> [WHAT YOU ARE ASKED TO DO] A single stretch of the material below is to be transcribed exactly, starting at the line with "Джерсийский гигант. яйцо" and ending after the line with "Black Collar - Fawn".
━━━━━ INFORMATION ━━━━━
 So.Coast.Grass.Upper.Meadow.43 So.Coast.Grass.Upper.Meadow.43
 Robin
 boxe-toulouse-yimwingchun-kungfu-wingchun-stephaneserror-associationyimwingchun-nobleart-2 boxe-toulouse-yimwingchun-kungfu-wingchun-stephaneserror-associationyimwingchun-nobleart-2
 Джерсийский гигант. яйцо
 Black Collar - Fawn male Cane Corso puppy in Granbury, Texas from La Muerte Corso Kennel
━━━━━
━━━━━ INFORMATION ━━━━━
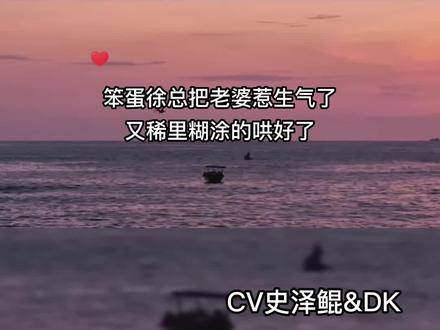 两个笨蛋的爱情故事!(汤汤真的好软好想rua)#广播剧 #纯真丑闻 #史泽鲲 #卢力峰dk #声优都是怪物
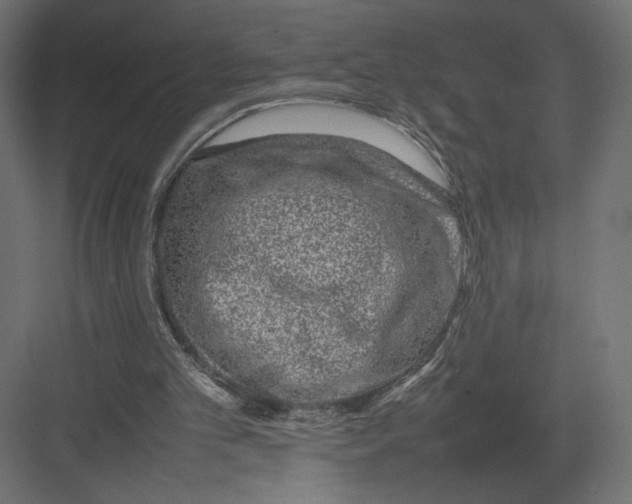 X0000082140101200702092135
━━━━━
> [ANSWER SPACE]
 Джерсийский гигант. яйцо
 Black Collar - Fawn male Cane Corso puppy in Granbury, Texas from La Muerte Corso Kennel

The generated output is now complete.